The copy you return must match the listing word for word and carry no pictures.

#### [EXTRACTED ENTRIES]

_ _ _ _

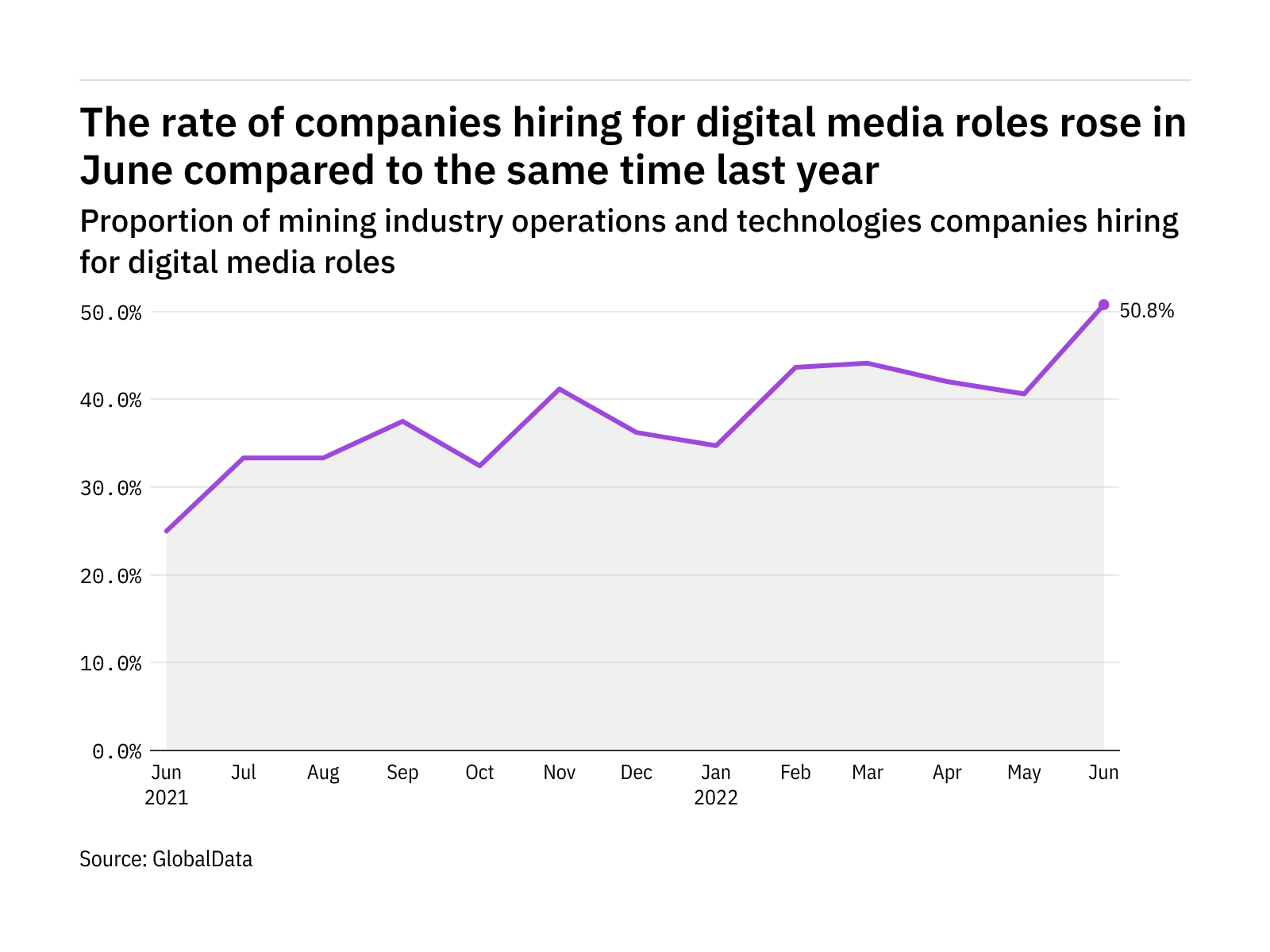 Digital media hiring levels in the mining industry rose to a year-high in June 2022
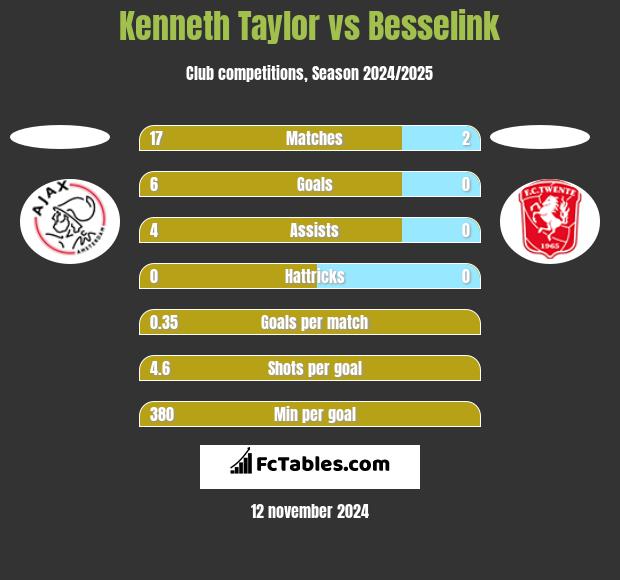 Kenneth Taylor vs Besselink h2h player stats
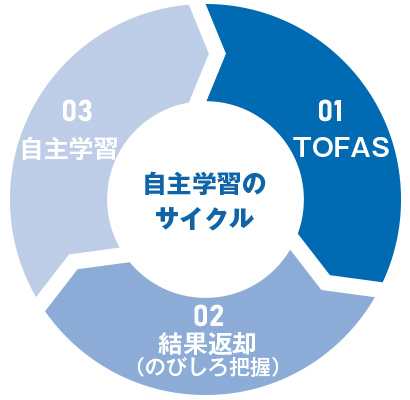 強みとのびしろを理解することで、効率的な自主学習を実現し学びの定着をはかる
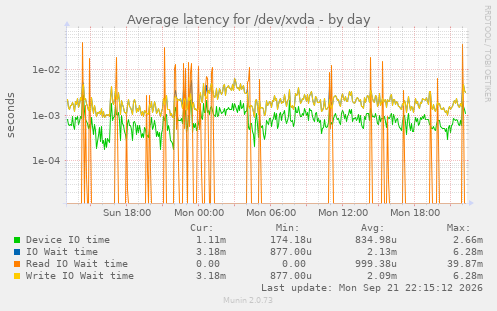 Average latency for /dev/xvda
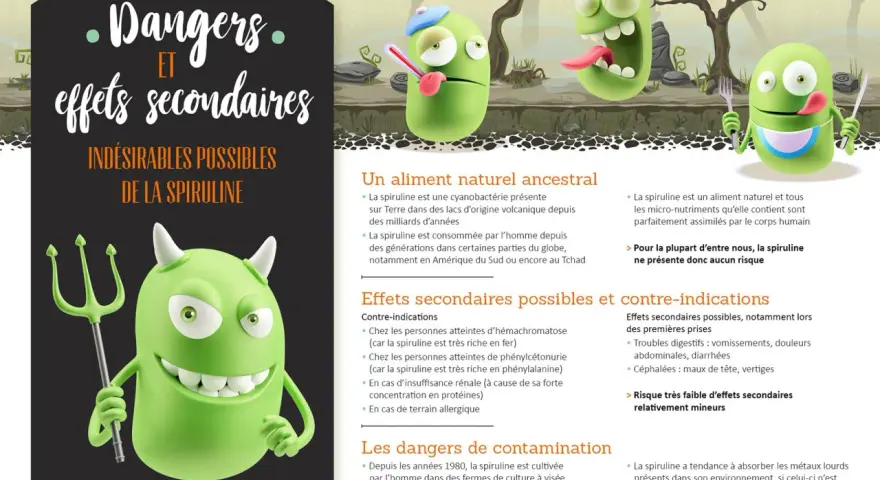 Le diable vert brandit sa fourche, avertissant des dangers et effets secondaires indésirables possibles de la spiruline.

_ _ _ _

#### [TASK SOLUTION]
 Digital media hiring levels in the mining industry rose to a year-high in June 2022
 Kenneth Taylor vs Besselink h2h player stats
 強みとのびしろを理解することで、効率的な自主学習を実現し学びの定着をはかる
 Average latency for /dev/xvda
 Le diable vert brandit sa fourche, avertissant des dangers et effets secondaires indésirables possibles de la spiruline.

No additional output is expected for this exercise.